§ **Your assignment**
Copy the listing verbatim, excluding any images found in it.

§ **Extracted records**

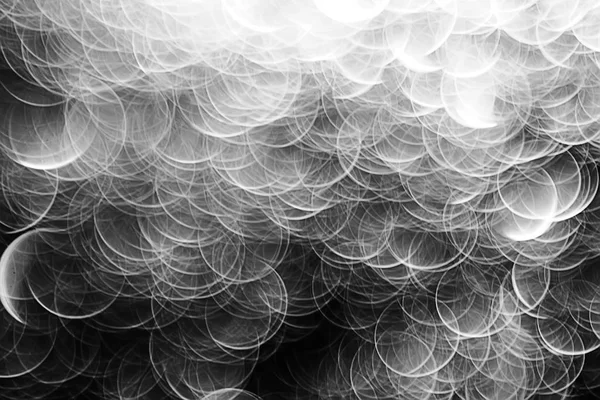 koyu arka plan üzerinde beyaz parlama bokeh ışıklar, sihir efekti yerleşimi.  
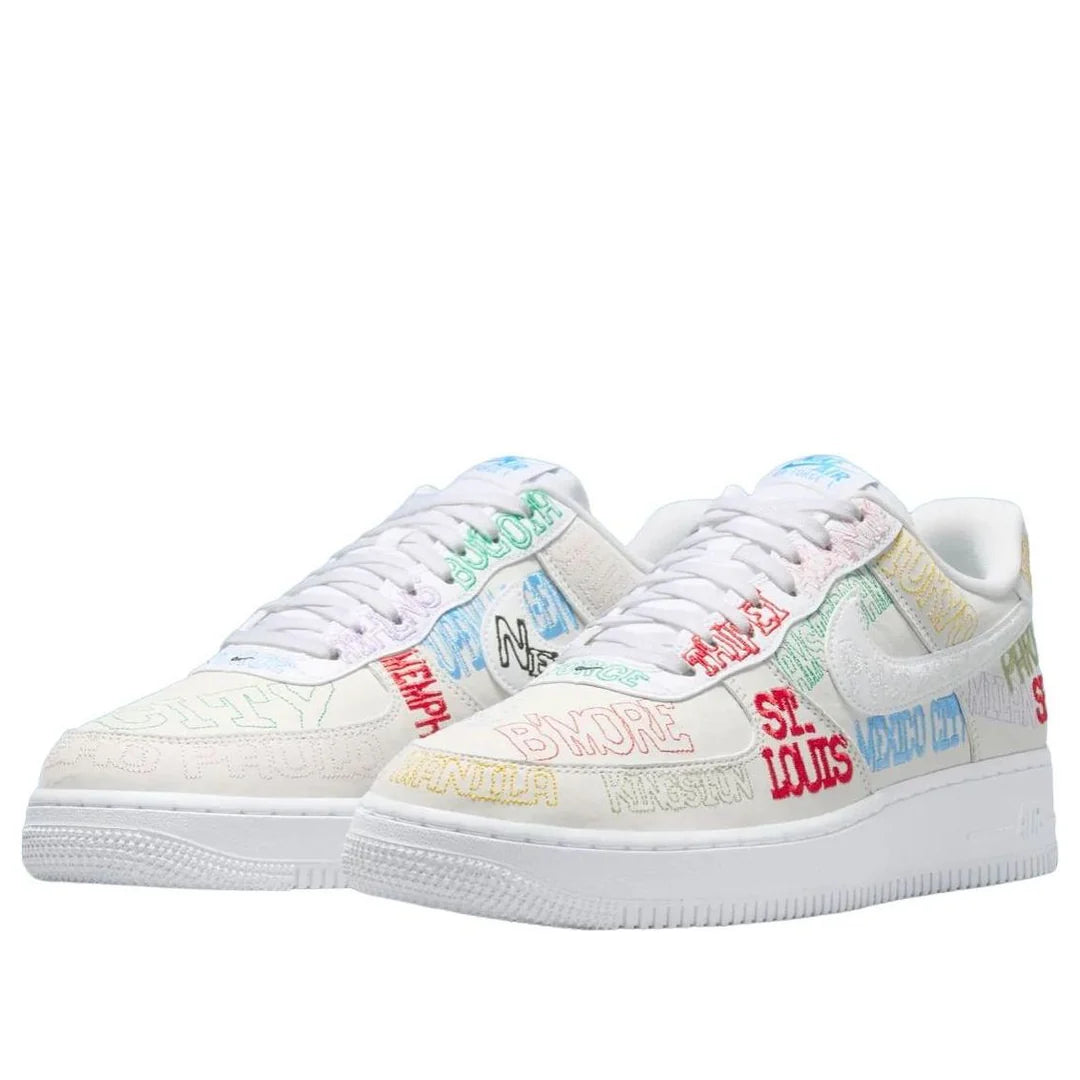 II1549 100 Nike Air Force 1 Low World Tour White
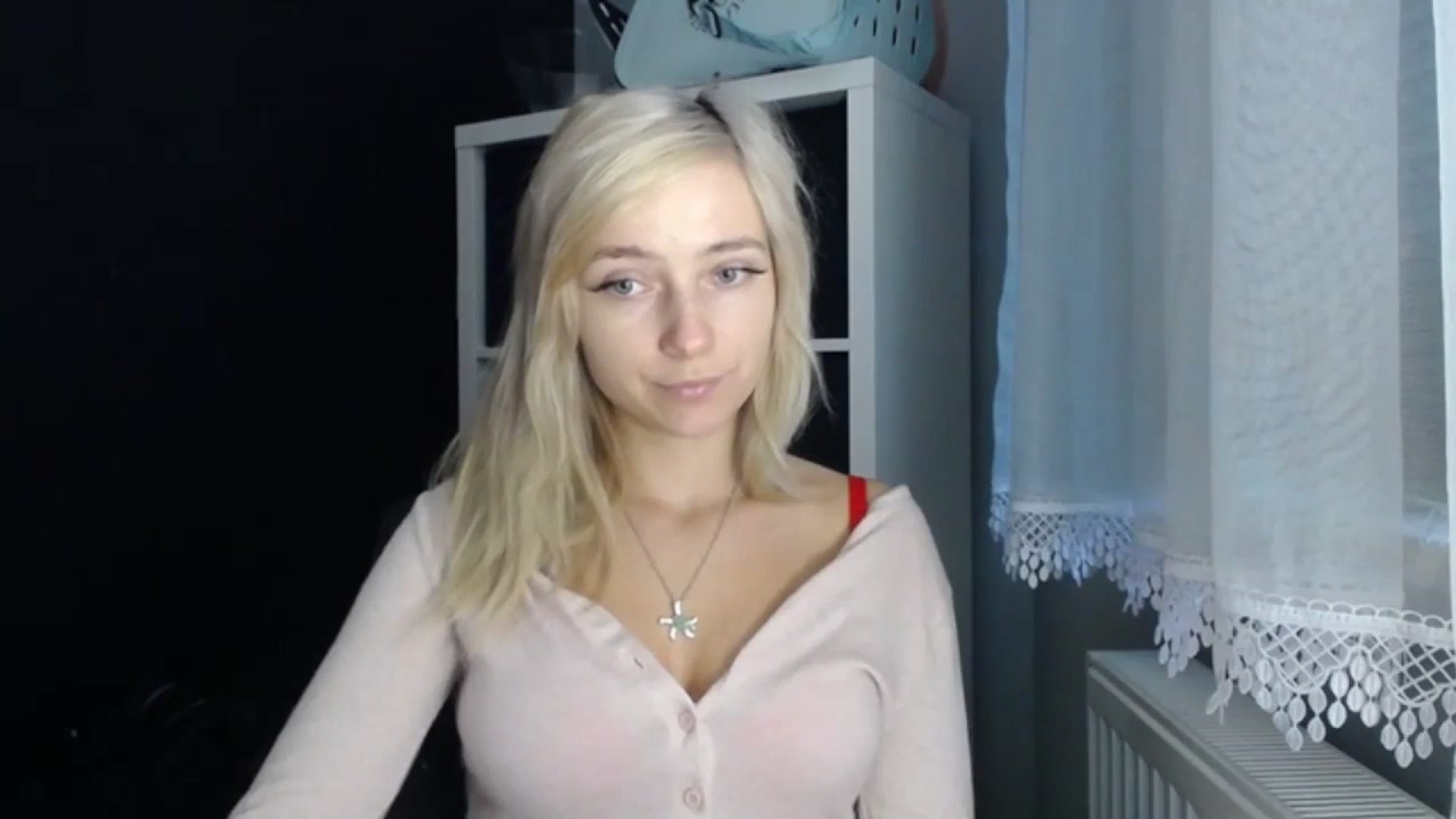 Gallery image thumbnail from LuciaAmazing's myfreecams stream on, 11/22/2023, 11:54 image 19 of 20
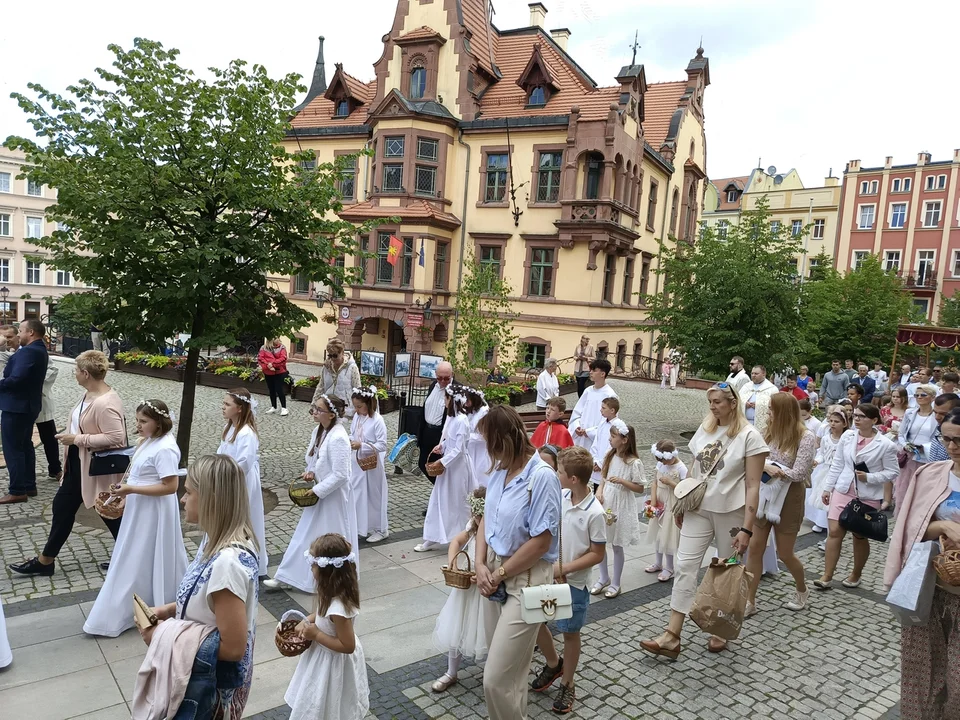 Boże Ciało w Nowej Rudzie. Ulicami przeszła uroczysta procesja [galeria]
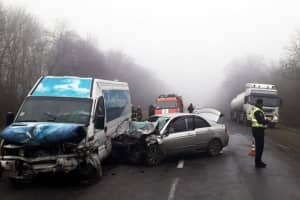 ДТП на Хмельниччині: на трасі лоб у лоб зіткнулися легковик та мікроавтобус – є загиблі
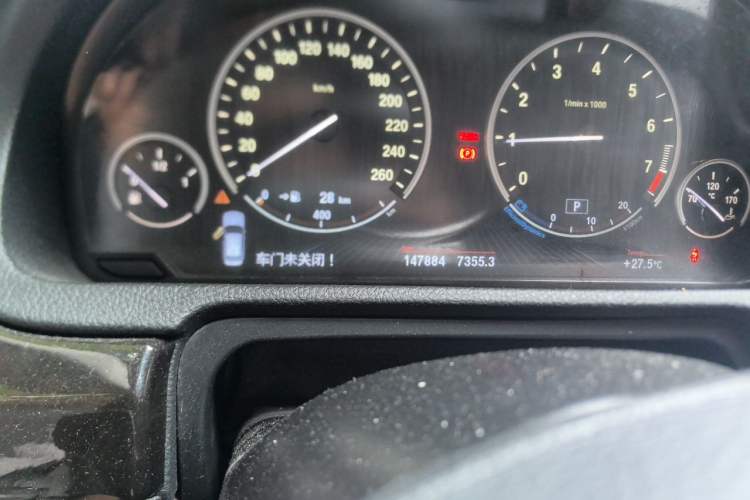 Used BMW 5 Series GT 2013 535i Elegant Edition Odometer Close Up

§ **Task solution**
 koyu arka plan üzerinde beyaz parlama bokeh ışıklar, sihir efekti yerleşimi.  
 II1549 100 Nike Air Force 1 Low World Tour White
 Gallery image thumbnail from LuciaAmazing's myfreecams stream on, 11/22/2023, 11:54 image 19 of 20
 Boże Ciało w Nowej Rudzie. Ulicami przeszła uroczysta procesja [galeria]
 ДТП на Хмельниччині: на трасі лоб у лоб зіткнулися легковик та мікроавтобус – є загиблі
 Used BMW 5 Series GT 2013 535i Elegant Edition Odometer Close Up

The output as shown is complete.